James Arness was born James King Aurness in Minneapolis, Minnesota, on May 26, 1923. He grew up with his younger brother, Peter (who later changed his name and became the actor Peter Graves). Arness was an indifferent student but followed his mother's wishes that he enroll in college.
World War II Service
With World War II raging during his freshman year, Arness understood that he would likely soon be called up to fight. He wanted to become a fighter pilot, but his impressive height (he was 6'7") made that path impossible. Instead, he was drafted into the U.S. Army in 1943.
Arness served as an infantryman in a unit that was sent to Italy. There, in 1944, he was hit by machine-gun fire, which resulted in severe injuries to his right leg. He needed multiple surgeries and almost a year of hospitalization to recover, and had a small limp for the rest of his life. He received the Bronze Star and the Purple Heart for his service.
Hollywood Career and 'Gunsmoke'
Arness worked in radio in Minneapolis before moving to Hollywood in 1946. Interested in acting, he took lessons and changed his last name from Aurness to Arness. He made his film debut in The Farmer's Daughter (1947), in which he played one of Loretta Young's brothers. He then got steady work, including the title role in the science-fiction film The Thing From Another World (1951). In Big Jim McLain (1952), he worked with John Wayne, who became a good friend.
When the popular radio drama Gunsmoke was adapted for television, there was a search for the right actor to play Marshal Matt Dillon (William Conrad, who voiced the role on radio, was deemed too rotund for TV). The rumor that Wayne was offered the part is probably false—he would not have been expected to give up a successful movie career—but it is possible that he recommended Arness for the role. When Arness was reluctant to commit to TV, Wayne helped convince him to take the job.
On Gunsmoke, Arness gave an understated yet compelling performance as a lawman who was the moral backbone of Dodge City, Kansas, in the 1870s. He received three Emmy Award nominations for the role. Though he was the star of the show, Arness did not make demands, instead forging a convivial on-set atmosphere. He appeared on the series, one of the longest-running on TV, from 1955 to 1975.
Though Gunsmoke made Arness a millionaire, he continued to work after it went off the air, appearing in TV miniseries such as How the West Was Won (1977), and in made-for-TV movies like The Alamo (1987).
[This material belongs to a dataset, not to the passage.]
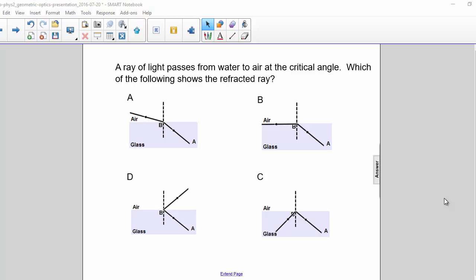A ray of light passes from water to air at the critical angle. Which of the following shows the refracted ray?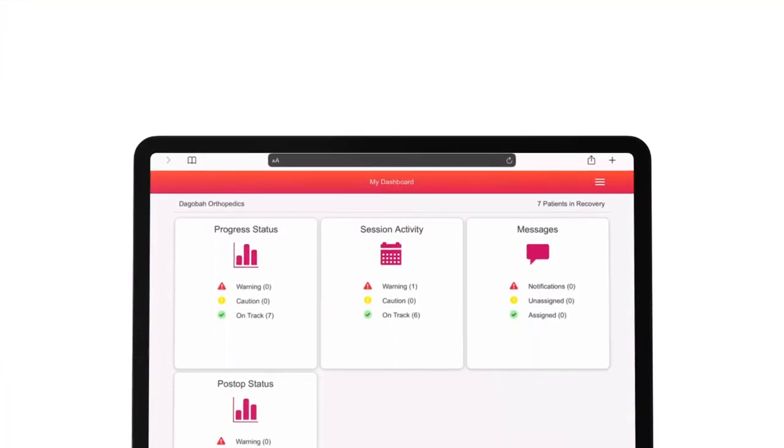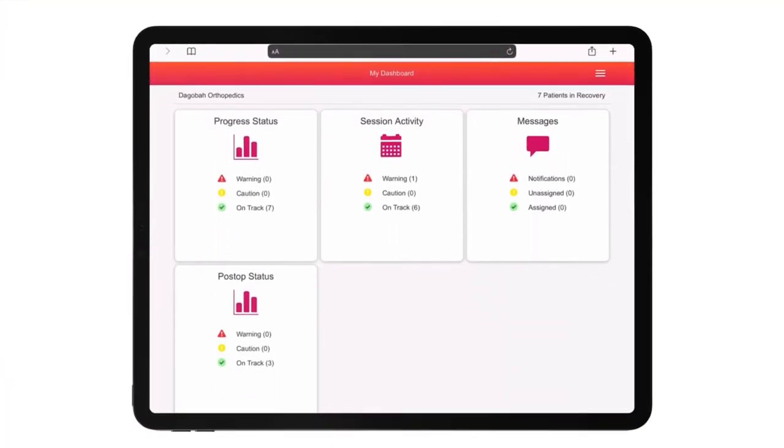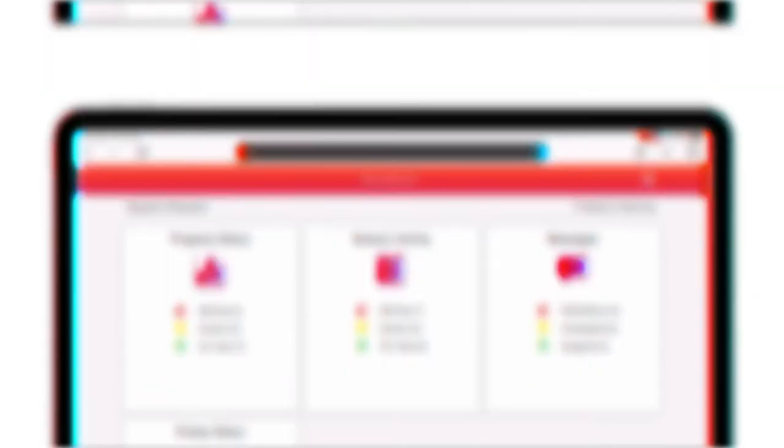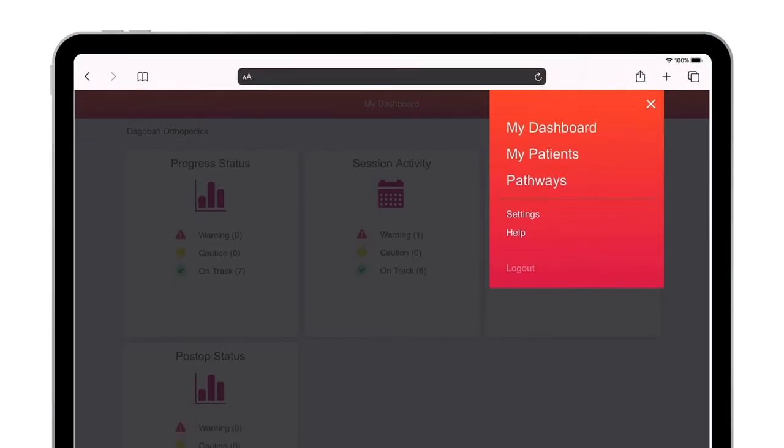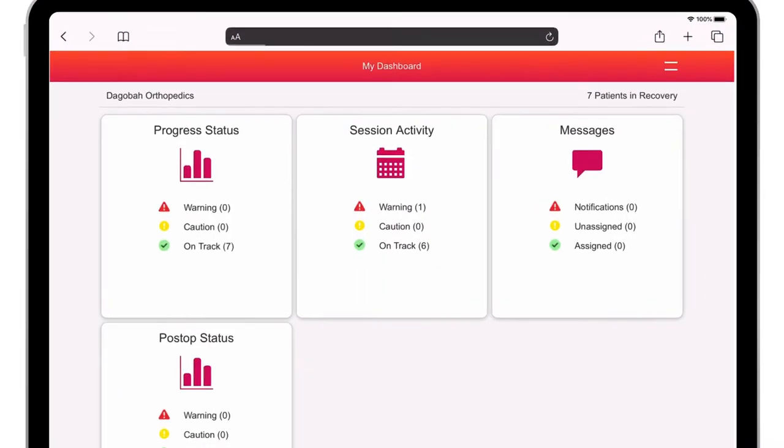Red, yellow, and green labels make it easy to see patient status so clinicians can know at a glance who needs attention.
He also reprised his role as Marshal Dillon in five Gunsmoke sequels.
Arness experienced difficult times in his personal life--his first marriage ended in divorce, and he lost a daughter to a drug overdose in 1975--but he was happy with his second wife, Janet Surtees, whom he married in 1978. And, thanks to the character who made him famous, he was named an honorary U.S. Marshal. On June 3, 2011, at the age of 88, Arness died at his home in Los Angeles, California.